>>>

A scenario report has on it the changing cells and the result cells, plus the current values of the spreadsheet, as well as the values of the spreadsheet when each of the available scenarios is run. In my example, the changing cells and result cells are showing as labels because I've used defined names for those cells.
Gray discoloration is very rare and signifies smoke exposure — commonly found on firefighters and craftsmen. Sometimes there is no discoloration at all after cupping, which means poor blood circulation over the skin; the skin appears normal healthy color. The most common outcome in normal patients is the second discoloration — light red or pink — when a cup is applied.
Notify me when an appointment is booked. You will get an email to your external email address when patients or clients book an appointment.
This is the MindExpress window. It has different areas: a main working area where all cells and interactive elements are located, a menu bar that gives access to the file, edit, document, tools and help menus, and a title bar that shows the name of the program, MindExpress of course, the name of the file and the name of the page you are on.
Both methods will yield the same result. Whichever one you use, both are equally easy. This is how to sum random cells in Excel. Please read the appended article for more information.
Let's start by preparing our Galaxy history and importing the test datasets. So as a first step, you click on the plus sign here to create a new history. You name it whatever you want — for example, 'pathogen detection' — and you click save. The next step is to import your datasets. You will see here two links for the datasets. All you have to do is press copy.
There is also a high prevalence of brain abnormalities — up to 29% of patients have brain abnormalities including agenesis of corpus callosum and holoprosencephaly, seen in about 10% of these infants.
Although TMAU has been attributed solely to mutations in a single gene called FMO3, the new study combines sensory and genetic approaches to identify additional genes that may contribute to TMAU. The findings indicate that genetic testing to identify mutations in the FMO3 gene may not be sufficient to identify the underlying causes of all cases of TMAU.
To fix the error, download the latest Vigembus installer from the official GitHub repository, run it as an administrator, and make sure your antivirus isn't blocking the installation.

<<<
>>>

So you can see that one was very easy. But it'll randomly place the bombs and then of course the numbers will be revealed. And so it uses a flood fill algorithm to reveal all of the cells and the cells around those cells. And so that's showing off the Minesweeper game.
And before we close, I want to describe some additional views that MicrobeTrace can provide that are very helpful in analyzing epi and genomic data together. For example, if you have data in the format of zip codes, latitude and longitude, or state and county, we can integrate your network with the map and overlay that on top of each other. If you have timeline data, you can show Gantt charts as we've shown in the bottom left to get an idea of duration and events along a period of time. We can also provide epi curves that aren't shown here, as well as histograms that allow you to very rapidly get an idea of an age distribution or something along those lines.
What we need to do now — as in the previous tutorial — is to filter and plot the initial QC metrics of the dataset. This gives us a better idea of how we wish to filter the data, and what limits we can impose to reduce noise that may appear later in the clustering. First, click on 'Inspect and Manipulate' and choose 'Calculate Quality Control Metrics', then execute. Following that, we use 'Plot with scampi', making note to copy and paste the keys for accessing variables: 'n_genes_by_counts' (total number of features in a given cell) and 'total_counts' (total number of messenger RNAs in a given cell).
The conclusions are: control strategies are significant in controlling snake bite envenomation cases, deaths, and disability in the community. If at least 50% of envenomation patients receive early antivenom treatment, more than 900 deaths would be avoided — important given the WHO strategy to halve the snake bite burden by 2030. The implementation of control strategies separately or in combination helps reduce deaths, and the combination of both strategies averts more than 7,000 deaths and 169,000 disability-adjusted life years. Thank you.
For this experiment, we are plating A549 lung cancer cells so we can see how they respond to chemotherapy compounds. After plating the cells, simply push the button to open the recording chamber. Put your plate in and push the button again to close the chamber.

<<<

What needs to be done:
Search the entries for the string "then". Copy every line that has it.

Your solution:
So you can see that one was very easy. But it'll randomly place the bombs and then of course the numbers will be revealed. And so it uses a flood fill algorithm to reveal all of the cells and the cells around those cells. And so that's showing off the Minesweeper game.
What we need to do now — as in the previous tutorial — is to filter and plot the initial QC metrics of the dataset. This gives us a better idea of how we wish to filter the data, and what limits we can impose to reduce noise that may appear later in the clustering. First, click on 'Inspect and Manipulate' and choose 'Calculate Quality Control Metrics', then execute. Following that, we use 'Plot with scampi', making note to copy and paste the keys for accessing variables: 'n_genes_by_counts' (total number of features in a given cell) and 'total_counts' (total number of messenger RNAs in a given cell).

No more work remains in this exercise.